In order to dig into this, I need to figure out how this is getting built; what's going on during the compilation stage? The first step is

cd ${PROJ} build/lib && /opt/kendryte-toolchain/bin/riscv64-unknown-elf-g++
-o CMakeFiles/kendryte.dir/nncase/runtime/kernel_registry.cpp.obj
-c /home/kyle/src/kendryte-standalone-sdk/lib/nncase/runtime/kernel_registry.cpp

So I didn't really know what some of this meant so I started to look it up.

Starting with the mcmodel, I found The RISC-V Code Models post on the sifive site to be pretty helpful. Code models are, to quote from section 3.5.1 of the System V Application Binary Interface,

Code models define constraints for symbolic values that allow the compiler to generate better code. Basically code models differ in addressing (absolute versus position independent), code size, data size and address range. We define only a small number of code models that are of general interest:

And of course since this is the x86_64 ABI, "small number" is relative; there's seven code models defined.

So, what's a code model

To paraphrase, code models are a contract between the compiler and the linker - the compiler doesn't know where the code is going to end up, and we need to be able to tell the compiler which addressing modes are safe to use. This, in turn, lets it generate appropriate code. In Understanding the x64 code models, Eli Bendersky writes (referencing amd64):

A code model is a formal agreement between the programmer and the compiler, in which the programmer states his intentions for the size of the eventual program(s) the object file that's being currently compiled will get into [2].

Code models exist for the programmer to be able to tell the compiler: don't worry, this object will only get into non-huge programs, so you can use the fast RIP-relative addressing modes. Conversely, he can tell the compiler: this object is expected to be linked into huge programs, so please use the slow but safe absolute addressing modes with full 64-bit offsets.
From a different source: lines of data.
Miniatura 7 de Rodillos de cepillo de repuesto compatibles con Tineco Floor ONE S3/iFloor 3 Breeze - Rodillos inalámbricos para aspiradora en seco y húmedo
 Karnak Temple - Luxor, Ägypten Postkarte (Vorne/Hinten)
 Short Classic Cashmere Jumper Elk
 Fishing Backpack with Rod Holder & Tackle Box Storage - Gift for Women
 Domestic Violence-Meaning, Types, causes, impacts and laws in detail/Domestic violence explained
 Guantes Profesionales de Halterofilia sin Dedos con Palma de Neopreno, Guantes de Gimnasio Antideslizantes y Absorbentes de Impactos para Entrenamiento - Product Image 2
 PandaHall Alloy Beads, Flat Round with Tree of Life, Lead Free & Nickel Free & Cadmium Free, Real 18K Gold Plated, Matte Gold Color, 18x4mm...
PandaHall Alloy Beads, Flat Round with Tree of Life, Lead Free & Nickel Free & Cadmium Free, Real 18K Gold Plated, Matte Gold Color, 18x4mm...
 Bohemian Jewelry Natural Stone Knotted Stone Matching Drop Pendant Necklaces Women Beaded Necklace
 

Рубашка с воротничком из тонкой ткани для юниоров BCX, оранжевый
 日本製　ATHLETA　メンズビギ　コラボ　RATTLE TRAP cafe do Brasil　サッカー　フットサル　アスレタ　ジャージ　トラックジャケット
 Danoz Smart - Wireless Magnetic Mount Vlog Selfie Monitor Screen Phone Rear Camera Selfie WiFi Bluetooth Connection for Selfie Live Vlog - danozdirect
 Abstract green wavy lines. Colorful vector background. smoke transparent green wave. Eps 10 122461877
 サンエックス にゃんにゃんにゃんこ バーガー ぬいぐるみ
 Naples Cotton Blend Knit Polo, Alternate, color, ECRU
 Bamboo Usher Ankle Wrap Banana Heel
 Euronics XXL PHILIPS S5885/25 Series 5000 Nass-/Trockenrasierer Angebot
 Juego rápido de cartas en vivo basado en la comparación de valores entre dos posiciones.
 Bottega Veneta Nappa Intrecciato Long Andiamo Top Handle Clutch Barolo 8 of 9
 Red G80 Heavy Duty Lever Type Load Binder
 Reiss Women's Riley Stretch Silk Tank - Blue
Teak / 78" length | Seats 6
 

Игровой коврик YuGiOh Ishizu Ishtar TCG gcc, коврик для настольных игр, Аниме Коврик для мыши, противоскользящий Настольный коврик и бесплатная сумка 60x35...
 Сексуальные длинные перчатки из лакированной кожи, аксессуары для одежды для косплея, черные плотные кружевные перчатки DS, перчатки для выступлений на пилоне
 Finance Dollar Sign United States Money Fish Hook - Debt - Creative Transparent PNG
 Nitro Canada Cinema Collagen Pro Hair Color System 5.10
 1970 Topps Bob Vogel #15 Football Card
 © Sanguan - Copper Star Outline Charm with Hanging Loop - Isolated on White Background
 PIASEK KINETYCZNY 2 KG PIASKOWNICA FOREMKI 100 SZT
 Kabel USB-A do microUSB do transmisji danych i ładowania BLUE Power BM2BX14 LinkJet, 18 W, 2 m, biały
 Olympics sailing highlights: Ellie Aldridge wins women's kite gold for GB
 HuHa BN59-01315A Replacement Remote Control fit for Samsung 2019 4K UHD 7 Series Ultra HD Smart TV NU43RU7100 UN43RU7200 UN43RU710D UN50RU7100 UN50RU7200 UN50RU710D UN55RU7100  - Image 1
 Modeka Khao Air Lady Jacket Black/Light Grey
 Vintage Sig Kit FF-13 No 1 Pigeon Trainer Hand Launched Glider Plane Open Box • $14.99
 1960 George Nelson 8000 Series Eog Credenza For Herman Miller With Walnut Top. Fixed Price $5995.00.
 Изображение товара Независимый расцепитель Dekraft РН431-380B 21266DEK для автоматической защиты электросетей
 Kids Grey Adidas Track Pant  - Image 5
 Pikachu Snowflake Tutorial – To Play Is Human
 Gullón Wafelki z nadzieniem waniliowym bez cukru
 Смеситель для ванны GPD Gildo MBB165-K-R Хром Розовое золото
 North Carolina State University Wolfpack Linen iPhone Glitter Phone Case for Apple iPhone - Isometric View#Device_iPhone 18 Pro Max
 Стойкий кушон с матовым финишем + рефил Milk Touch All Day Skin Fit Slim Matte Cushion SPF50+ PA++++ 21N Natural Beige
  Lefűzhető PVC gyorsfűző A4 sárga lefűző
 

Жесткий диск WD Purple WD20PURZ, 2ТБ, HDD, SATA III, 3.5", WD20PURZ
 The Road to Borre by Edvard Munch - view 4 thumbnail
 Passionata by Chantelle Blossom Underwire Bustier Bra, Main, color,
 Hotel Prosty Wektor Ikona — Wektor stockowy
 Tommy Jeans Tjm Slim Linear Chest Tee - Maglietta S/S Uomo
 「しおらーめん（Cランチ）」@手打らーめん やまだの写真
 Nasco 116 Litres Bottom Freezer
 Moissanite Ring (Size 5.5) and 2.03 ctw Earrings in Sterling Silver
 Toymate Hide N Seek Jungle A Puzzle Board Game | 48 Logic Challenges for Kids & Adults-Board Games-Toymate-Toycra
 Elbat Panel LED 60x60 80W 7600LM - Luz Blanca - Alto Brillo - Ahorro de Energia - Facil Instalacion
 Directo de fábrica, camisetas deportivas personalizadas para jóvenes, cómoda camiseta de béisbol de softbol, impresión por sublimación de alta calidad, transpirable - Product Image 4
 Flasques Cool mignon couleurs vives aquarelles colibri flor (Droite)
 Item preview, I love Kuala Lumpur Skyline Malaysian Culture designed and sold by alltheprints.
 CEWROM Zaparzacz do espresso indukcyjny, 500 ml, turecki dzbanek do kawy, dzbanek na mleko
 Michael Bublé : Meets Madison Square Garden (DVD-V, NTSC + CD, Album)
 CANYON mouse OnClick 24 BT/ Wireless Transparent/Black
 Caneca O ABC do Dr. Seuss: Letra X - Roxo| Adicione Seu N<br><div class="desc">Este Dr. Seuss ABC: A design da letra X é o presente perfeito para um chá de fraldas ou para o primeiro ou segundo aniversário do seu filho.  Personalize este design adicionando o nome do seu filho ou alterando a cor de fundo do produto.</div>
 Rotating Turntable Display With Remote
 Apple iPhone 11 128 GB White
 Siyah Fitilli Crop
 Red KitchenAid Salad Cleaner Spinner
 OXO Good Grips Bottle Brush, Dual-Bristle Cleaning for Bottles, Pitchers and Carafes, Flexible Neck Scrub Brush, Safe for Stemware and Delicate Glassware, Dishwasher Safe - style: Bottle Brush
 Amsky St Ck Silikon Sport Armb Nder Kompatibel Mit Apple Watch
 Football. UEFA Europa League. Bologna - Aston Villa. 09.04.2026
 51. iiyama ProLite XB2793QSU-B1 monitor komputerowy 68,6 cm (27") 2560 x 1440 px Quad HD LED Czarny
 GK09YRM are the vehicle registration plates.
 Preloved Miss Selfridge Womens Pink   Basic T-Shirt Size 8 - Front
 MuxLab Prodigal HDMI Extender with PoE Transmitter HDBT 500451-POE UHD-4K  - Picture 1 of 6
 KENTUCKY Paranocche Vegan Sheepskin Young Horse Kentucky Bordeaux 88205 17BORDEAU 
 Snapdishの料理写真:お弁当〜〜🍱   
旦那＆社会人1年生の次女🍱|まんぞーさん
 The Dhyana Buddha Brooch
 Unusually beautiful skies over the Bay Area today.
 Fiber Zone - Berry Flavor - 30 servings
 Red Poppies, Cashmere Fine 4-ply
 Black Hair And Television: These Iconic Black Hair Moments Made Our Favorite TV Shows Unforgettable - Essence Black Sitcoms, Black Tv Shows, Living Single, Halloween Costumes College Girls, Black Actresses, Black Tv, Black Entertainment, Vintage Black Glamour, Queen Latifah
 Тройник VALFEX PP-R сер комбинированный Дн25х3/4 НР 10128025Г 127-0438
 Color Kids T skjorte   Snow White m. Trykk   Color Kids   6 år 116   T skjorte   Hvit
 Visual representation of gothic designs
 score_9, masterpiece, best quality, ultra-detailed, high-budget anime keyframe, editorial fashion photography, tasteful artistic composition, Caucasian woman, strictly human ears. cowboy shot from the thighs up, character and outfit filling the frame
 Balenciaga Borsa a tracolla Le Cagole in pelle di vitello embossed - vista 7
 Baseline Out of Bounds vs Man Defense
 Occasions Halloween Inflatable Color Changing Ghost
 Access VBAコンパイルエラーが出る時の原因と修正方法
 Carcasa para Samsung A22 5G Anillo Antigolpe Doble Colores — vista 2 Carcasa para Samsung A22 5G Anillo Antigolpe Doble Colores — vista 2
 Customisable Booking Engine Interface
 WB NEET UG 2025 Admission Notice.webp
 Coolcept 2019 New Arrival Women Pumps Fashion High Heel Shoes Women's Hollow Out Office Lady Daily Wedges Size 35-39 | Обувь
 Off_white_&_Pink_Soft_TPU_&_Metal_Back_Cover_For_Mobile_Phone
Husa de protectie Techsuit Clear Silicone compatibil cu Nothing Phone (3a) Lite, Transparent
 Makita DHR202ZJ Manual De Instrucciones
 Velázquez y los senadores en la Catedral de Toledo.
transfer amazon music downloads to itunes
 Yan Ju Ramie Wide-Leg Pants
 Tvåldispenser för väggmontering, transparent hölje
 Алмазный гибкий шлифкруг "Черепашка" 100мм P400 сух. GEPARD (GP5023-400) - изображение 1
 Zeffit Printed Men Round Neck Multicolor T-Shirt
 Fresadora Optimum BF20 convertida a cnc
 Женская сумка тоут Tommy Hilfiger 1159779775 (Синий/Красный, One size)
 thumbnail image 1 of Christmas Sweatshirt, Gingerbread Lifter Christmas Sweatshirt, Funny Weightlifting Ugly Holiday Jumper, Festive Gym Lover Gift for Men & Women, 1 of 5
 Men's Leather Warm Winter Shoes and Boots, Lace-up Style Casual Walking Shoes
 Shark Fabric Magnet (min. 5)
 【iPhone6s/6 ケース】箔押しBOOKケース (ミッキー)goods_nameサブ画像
What are the RISC-V code models?

The RISC-V ABI defines two code models:

  • medlow or medium-low requires that any global symbols be addressable by an signed 32-bit absolute address; technically, it means that address are generated using the lui address. All global symbols must have an address between 0 and 2GB.
  • medany or medium-any uses the auipc [1] instruction, which is (PC-) relative addressing scheme; therefore, global symbols must fit into any unsigned 32-bit address space.


Though it comes later, we need to talk about this before the ABI part. It defines the architecture, and therefore the ISA. The Kendryte K210 uses the rv64imafc. I haven't found a good coverage of these yet, but I'll be looking for more information on it.


The ABI flag

Specify integer and floating-point calling convention. ABI-string contains two parts: the size of integer types and the registers used for floating-point types.

In this case, we're compiling with the lp64f convention: l(ong) and p(ointers) are 64 bits, while floats are 32-bit (because the F registers are 32-bits). This is ISA-dependent, so it has to be read in the context of the -march argument. The current RISC-V GCC docs state that

The valid calling conventions are: ‘ilp32’, ‘ilp32f’, ‘ilp32d’, ‘lp64’, ‘lp64f’, and ‘lp64d’.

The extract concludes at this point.